3. Don’t Just Expect Change. Anticipate It.
Sort of the inverse of #2 — don’t ever count on things staying the same. If you’re not always thinking about what’s next, you won’t remain relevant.
Just last year, a retailer was quoted in an article (in the Centurion Newsletter? I can’t find it now) as saying that he’d rather retire than work this hard. If retirement is a desirable option, that’s great. But if it’s not – either because the funding isn’t there or you just don’t want to stop working yet – then it’s important to accept that change is accelerating. As someone commented in a very lively conversation on Facebook today, “the things we all have to know now are staggering.”
I don’t know about you, but I’m not fond of just covering my face and hoping my boat makes it through the rapids. I’d rather act. And that means being a student of business; reading, researching, learning, testing, failing, and trying again. Anticipating change is far more empowering than resisting it or just getting swept up in it.

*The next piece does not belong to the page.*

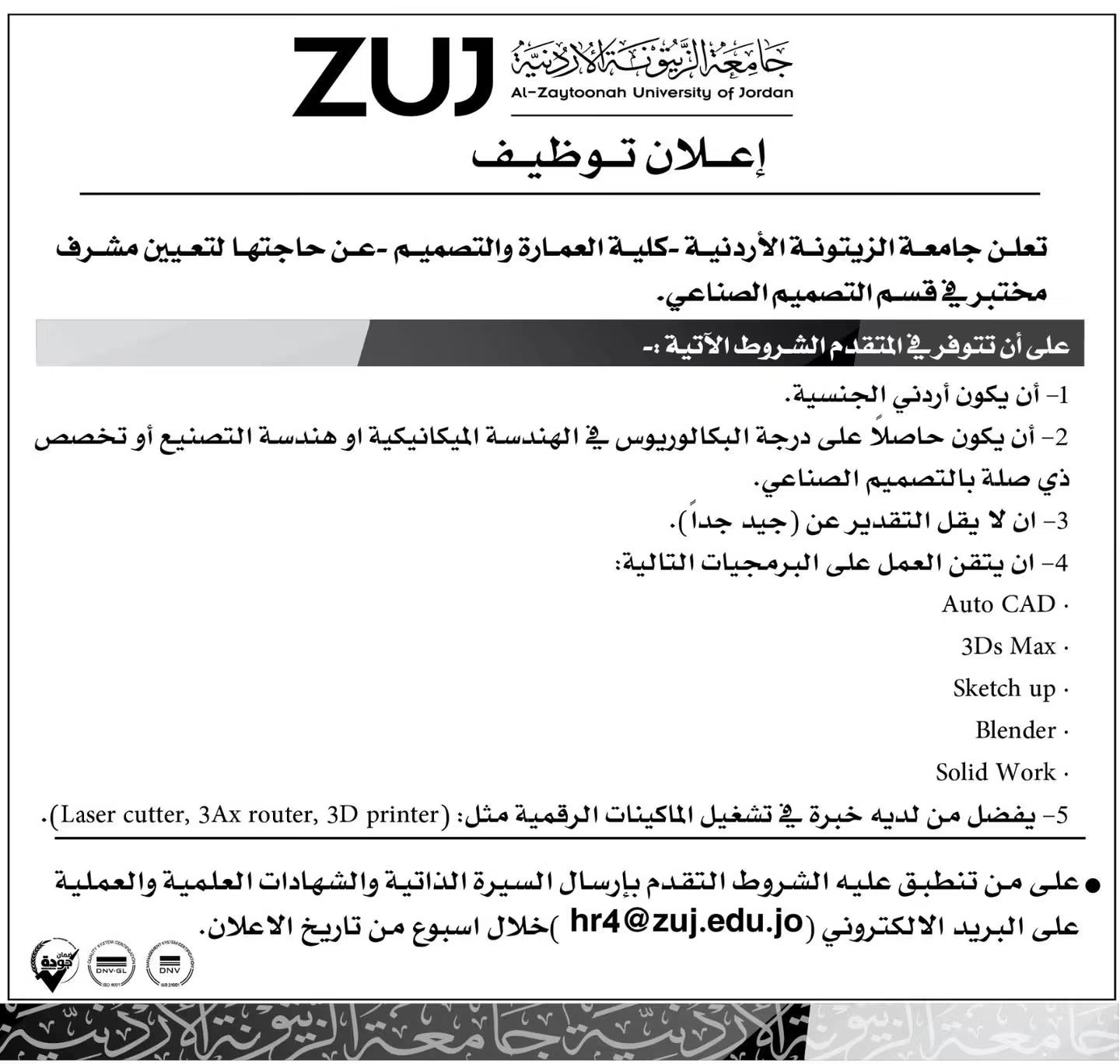 جامعة الزيتونة الأردنية تعلن عن شاغر مشرف مختبر في قسم التصميم الصناعي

4. Your Business Model Can’t be Static
Your business model is the design for your business. It includes how you sell, your revenue streams, product types, which customers you target, and how you are financed. When technology disrupts an industry, the most powerful response is at the level of your business model, not just at the level of product selection and pricing. In fact, the most dangerous response to a disruption is to cut prices.
Video started out as a rental industry. Then it became a sales industry. Then it became DVDs in the mail, and finally it became digital online delivery. Blockbuster failed to convert its model quickly enough to compete with Netflix. Netflix started with mail delivery, but always intended to switch models to online delivery as soon as network speeds were high enough.

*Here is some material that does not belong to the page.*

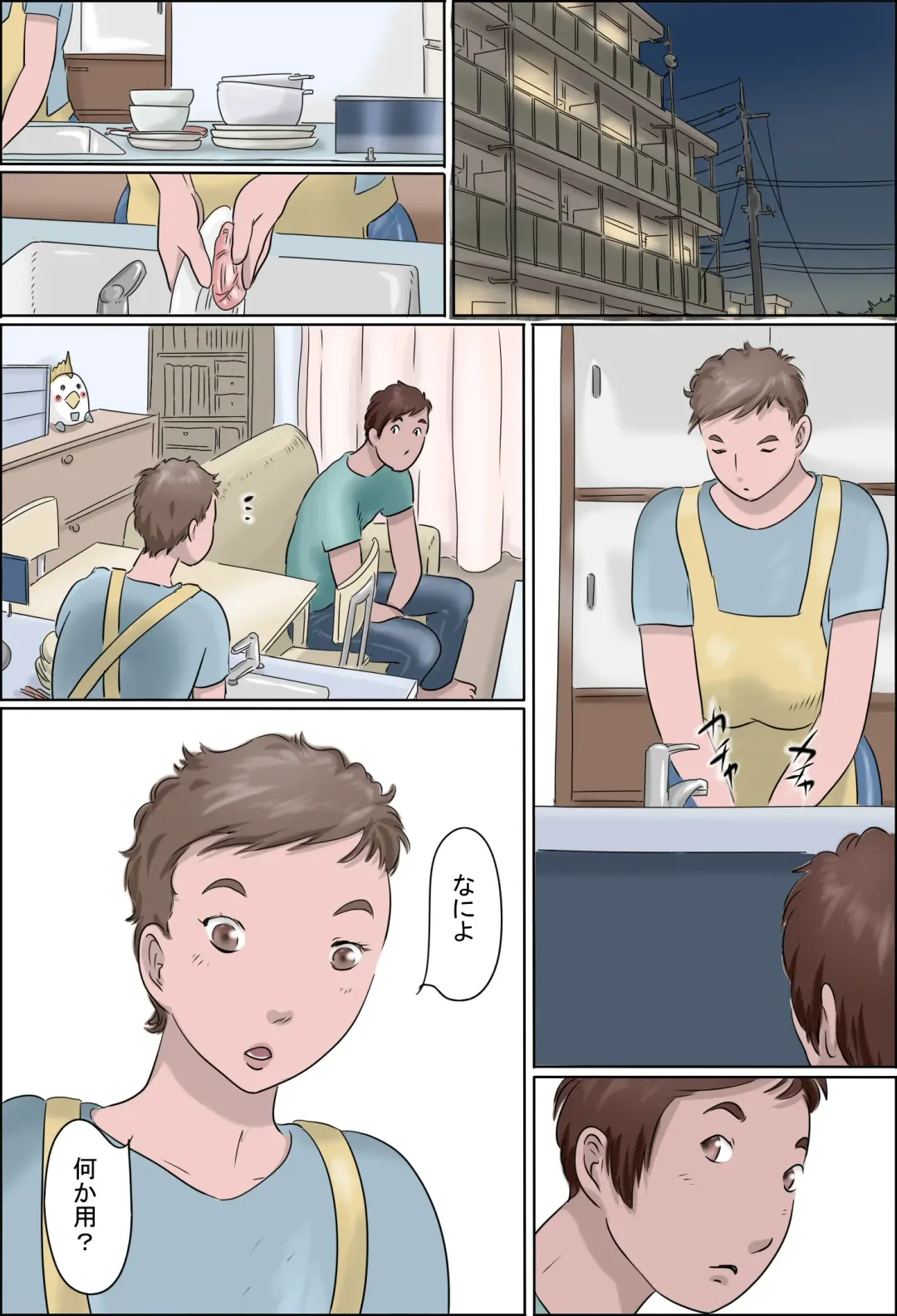 Haha wa Odoru 2 -Hiru no Haha Yoru no Mask- Fhentai - Page 23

Right now, retail store owners and operators are asking the question “what’s the future of retail?” The smart ones are looking at how to change their models, not just product selection or in-store experiences.
5. Embrace Technology to Become a Disrupter
Technology is at the heart of much (though not all) business disruption. Netflix leveraged a bet about where technology was going (online digital delivery of large files) to start a business, and they won. Today’s entrepreneurs must be students of technology.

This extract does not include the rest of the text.